El diario estadounidense cita a tres fuentes que aseguraron que las investigaciones se llevan a cabo por las fiscalías federales de Manhattan y Brooklyn, ambas de Nueva York, e involucran a fiscales especializados en el narcotráfico internacional, así como a agentes de la Administración de Control de Drogas (DEA, la agencia federal antinarcóticos) y de Investigaciones de Seguridad Nacional (HSI).
Las investigaciones han indagado, entre otras cosas, las posibles reuniones de Petro con narcotraficantes y si su campaña presidencial solicitó donaciones de traficantes.

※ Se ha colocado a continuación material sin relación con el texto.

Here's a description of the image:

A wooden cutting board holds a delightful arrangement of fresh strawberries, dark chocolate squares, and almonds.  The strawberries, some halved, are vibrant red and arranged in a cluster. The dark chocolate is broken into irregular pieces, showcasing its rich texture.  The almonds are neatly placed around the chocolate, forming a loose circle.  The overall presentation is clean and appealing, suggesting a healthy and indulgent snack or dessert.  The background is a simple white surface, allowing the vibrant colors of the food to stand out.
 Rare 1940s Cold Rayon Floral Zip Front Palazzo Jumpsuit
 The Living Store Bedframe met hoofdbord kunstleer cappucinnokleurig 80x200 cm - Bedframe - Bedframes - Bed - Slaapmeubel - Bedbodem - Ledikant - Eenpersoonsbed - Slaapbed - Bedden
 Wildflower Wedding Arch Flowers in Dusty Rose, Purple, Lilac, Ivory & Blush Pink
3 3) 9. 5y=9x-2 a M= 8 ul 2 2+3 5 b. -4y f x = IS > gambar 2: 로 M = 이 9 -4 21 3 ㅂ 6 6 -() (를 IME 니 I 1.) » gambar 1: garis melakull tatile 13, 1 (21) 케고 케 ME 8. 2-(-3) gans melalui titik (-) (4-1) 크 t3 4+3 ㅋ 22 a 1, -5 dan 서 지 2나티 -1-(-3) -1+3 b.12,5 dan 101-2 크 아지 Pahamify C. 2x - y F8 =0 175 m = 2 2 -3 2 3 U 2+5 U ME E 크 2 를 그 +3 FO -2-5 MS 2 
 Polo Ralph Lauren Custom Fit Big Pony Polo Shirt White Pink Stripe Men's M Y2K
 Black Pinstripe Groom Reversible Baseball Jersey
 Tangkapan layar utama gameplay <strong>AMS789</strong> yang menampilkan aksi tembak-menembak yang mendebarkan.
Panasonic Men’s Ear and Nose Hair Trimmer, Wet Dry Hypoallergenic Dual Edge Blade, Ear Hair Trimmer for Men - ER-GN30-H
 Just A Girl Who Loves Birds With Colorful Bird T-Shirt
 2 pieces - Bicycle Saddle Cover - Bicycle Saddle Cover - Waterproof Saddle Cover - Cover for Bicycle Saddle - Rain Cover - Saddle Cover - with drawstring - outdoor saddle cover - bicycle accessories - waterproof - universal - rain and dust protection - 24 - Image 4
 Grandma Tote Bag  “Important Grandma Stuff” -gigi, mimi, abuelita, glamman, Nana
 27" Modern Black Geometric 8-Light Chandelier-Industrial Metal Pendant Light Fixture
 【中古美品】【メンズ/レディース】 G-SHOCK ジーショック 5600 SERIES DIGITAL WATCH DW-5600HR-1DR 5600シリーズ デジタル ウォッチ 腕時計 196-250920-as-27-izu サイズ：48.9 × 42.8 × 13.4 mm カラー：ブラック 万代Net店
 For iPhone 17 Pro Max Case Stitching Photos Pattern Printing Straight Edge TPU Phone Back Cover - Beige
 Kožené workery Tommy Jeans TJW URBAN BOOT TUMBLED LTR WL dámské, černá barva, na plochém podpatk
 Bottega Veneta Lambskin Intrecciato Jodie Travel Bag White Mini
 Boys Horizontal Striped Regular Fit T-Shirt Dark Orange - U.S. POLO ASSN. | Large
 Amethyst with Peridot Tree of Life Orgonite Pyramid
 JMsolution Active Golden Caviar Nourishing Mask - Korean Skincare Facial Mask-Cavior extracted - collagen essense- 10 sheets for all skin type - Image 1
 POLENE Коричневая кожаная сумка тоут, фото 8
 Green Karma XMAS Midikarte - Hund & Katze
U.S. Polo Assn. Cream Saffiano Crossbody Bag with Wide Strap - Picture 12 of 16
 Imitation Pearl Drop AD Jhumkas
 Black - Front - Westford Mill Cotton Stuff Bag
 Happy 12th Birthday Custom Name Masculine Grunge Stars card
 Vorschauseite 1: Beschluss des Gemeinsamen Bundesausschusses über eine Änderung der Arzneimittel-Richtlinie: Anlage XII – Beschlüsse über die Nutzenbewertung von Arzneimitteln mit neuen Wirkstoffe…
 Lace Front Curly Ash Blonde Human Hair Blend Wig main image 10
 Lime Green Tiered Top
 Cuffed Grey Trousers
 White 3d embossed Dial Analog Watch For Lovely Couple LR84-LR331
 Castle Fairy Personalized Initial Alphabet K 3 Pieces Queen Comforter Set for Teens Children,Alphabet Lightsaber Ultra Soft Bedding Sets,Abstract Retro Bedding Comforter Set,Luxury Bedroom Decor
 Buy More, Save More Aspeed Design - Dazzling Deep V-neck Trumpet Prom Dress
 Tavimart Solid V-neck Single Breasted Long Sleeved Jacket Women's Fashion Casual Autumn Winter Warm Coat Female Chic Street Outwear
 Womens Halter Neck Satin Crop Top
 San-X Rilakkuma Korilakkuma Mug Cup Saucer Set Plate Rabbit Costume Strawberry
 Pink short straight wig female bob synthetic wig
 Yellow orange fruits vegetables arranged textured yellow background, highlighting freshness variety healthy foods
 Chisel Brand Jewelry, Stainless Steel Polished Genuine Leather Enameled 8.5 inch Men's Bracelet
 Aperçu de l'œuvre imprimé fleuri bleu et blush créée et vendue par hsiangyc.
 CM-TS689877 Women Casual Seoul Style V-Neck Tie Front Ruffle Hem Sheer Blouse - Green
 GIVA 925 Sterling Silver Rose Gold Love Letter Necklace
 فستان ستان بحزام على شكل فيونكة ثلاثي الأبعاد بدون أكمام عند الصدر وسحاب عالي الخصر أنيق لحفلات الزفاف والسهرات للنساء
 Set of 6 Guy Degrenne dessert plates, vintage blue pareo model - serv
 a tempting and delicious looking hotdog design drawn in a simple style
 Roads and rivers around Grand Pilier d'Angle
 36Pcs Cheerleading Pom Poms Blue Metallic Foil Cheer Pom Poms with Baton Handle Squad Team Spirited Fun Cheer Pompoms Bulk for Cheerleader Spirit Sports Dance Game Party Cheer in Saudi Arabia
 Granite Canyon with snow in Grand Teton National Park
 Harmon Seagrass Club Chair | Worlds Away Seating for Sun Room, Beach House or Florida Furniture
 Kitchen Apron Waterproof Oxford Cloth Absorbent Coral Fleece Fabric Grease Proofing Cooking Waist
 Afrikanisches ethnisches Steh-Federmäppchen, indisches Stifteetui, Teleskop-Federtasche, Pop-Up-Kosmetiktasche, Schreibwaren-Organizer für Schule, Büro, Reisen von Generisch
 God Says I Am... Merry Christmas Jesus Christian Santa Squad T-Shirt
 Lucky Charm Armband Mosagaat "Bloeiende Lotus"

Las investigaciones, independientes entre sí, se encuentran en su fase inicial y no está claro si alguna de ellas dará lugar a cargos penales, aseguró el diario.
No existe indicio de que la Casa Blanca hubiera tenido algún papel en el inicio de ninguna de las dos investigaciones.
Sin embargo, Trump ha utilizado las investigaciones criminales como arma contra sus rivales y enemigos, y ha criticado duramente a Petro, de quien dijo era “un enfermo”. “Y podría usar las investigaciones como palanca para obtener mayor cooperación de Colombia, que es a la vez el principal productor mundial de cocaína y uno de los aliados más importantes de Estados Unidos en la lucha contra el narcoterrorismo en la región”, cita el diario estadounidense.
Otro de los intereses de Trump es aprovechar la existencia de las investigaciones para intentar influir en el resultado de las elecciones presidenciales de Colombia en mayo.
Petro, el primer presidente de izquierda de su país, solo puede ejercer un mandato, pero ha pedido a sus votantes que apoyen a su sucesor elegido a dedo. Durante el último año, Trump ha intervenido en varias otras elecciones en la región, contribuyendo a alimentar una ola de derecha.
Poco después de que el Ejército de Estados Unidos capturó a Nicolás Maduro y lo trasladó a Nueva York para enfrentar cargos por narcotráfico, los periodistas le preguntaron a Trump si el ejército podría tomar medidas contra Colombia. Él respondió: “Me parece bien”.
Las relaciones entre Estados Unidos y Colombia se han estabilizado desde entonces. Sin embargo, estas investigaciones ocurren en un contexto en el que la Casa Blanca intensifica el uso del sistema legal para impulsar la agenda de política exterior.
Petro negó sistemáticamente tener vínculos con el narcotráfico, y reinvindicó el éxito de su gobierno en la lucha contra el cultivo de coca, materia prima de la cocaína, y sus órdenes a las fuerzas armadas para que persiguieran a los grupos armados de narcotráfico.
Medios de comunicación colombianos han informado que personas vinculadas a narcotraficantes han intentado canalizar fondos hacia Petro, incluso a través de su hijo, quien admitió que dinero ilícito ingresó a la campaña electoral de su padre en 2022, según informaron los fiscales colombianos, pero no se han presentado cargos penales contra Petro.
El presidente colombiano negó haber cometido delito alguno y dijo que las acusaciones tenían motivaciones políticas.